*** DATASET EXCERPT Section Begins ***
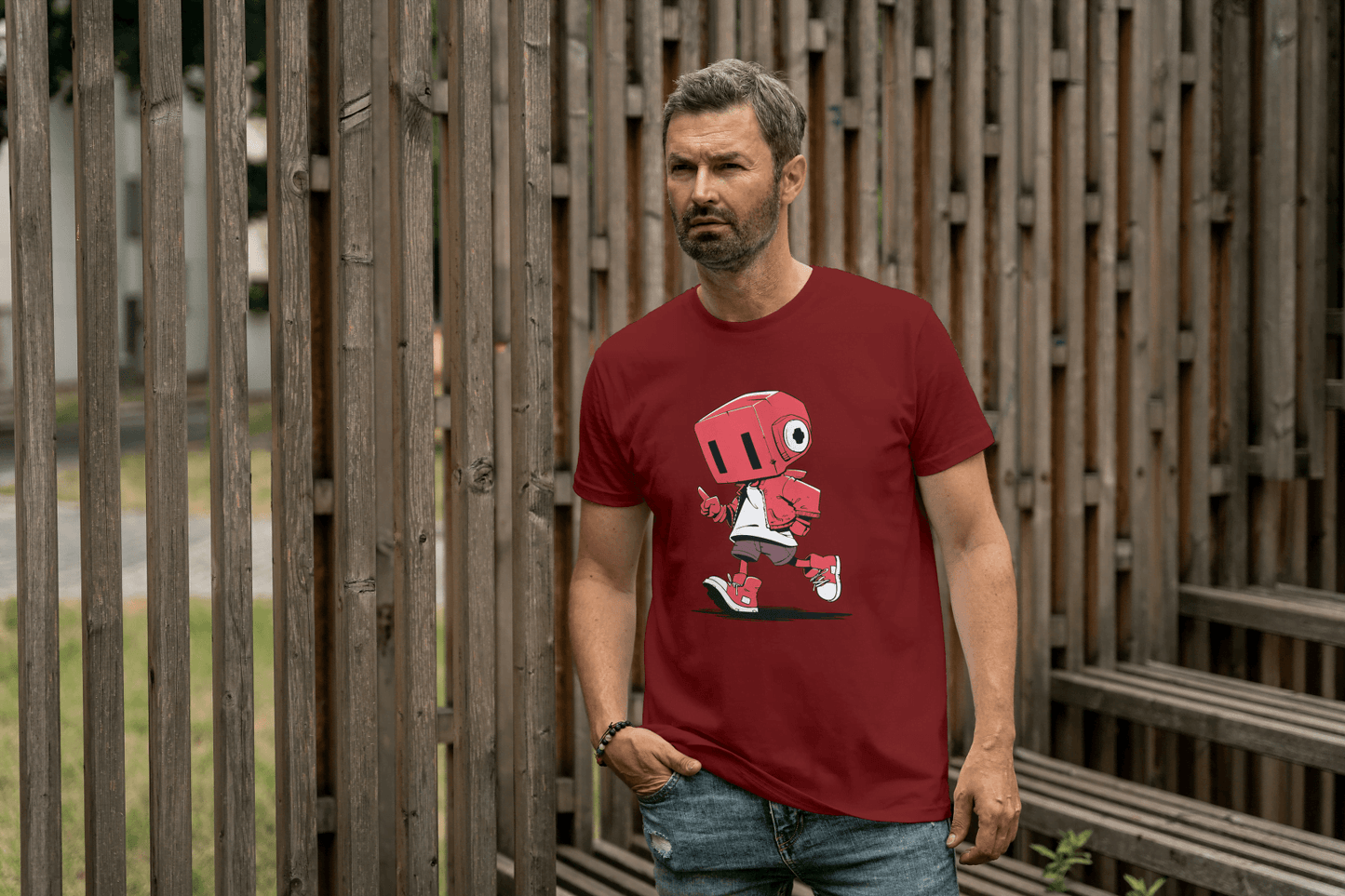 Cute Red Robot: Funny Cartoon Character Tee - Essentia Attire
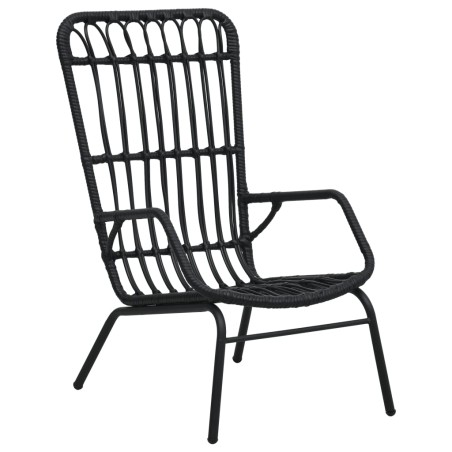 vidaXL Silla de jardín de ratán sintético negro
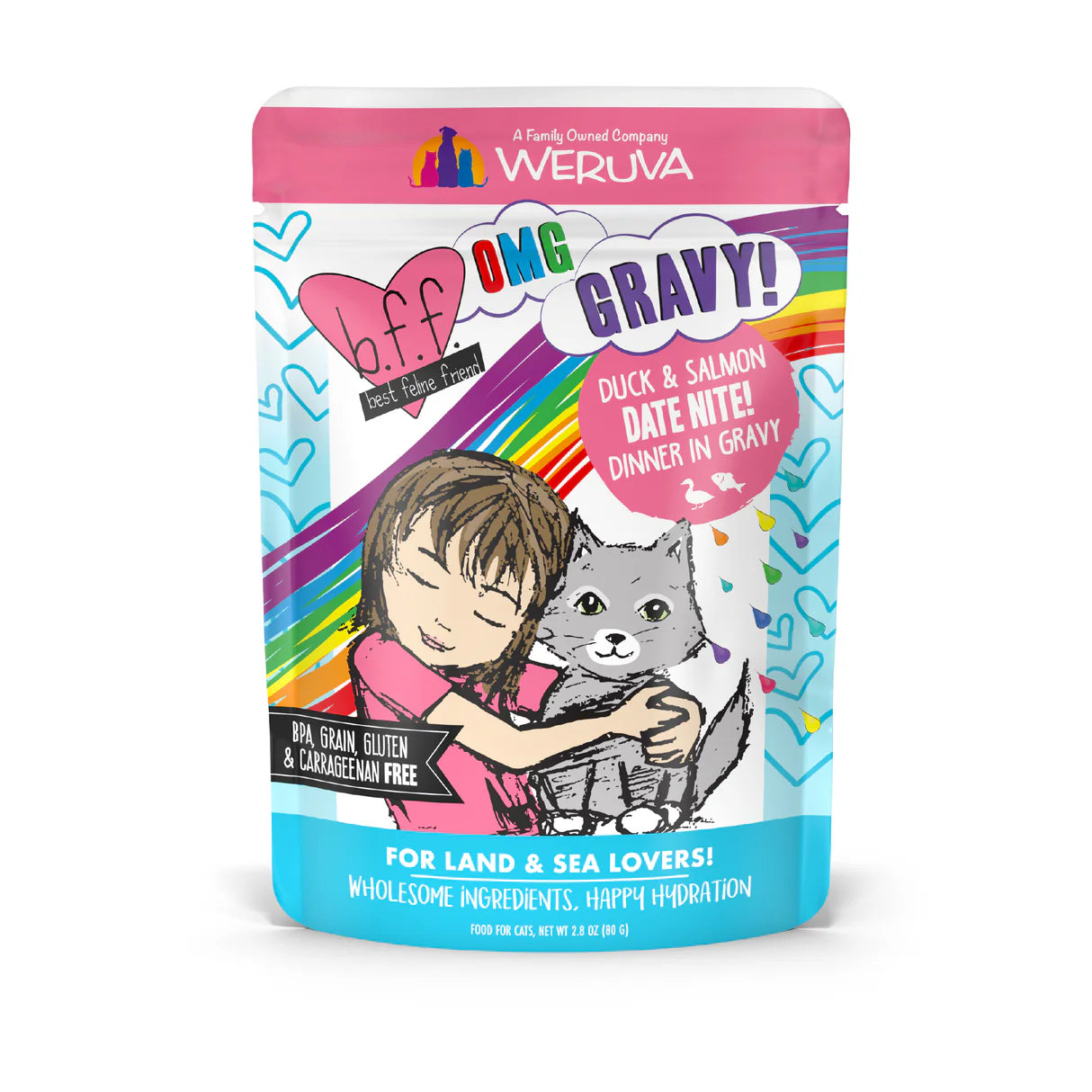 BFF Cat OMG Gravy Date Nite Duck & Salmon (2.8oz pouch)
*** DATASET EXCERPT Section Ends ***
WHAT THE EXERCISE ASKS:
Repeat the material exactly, without images.

REPLY:
 Cute Red Robot: Funny Cartoon Character Tee - Essentia Attire
 vidaXL Silla de jardín de ratán sintético negro
 BFF Cat OMG Gravy Date Nite Duck & Salmon (2.8oz pouch)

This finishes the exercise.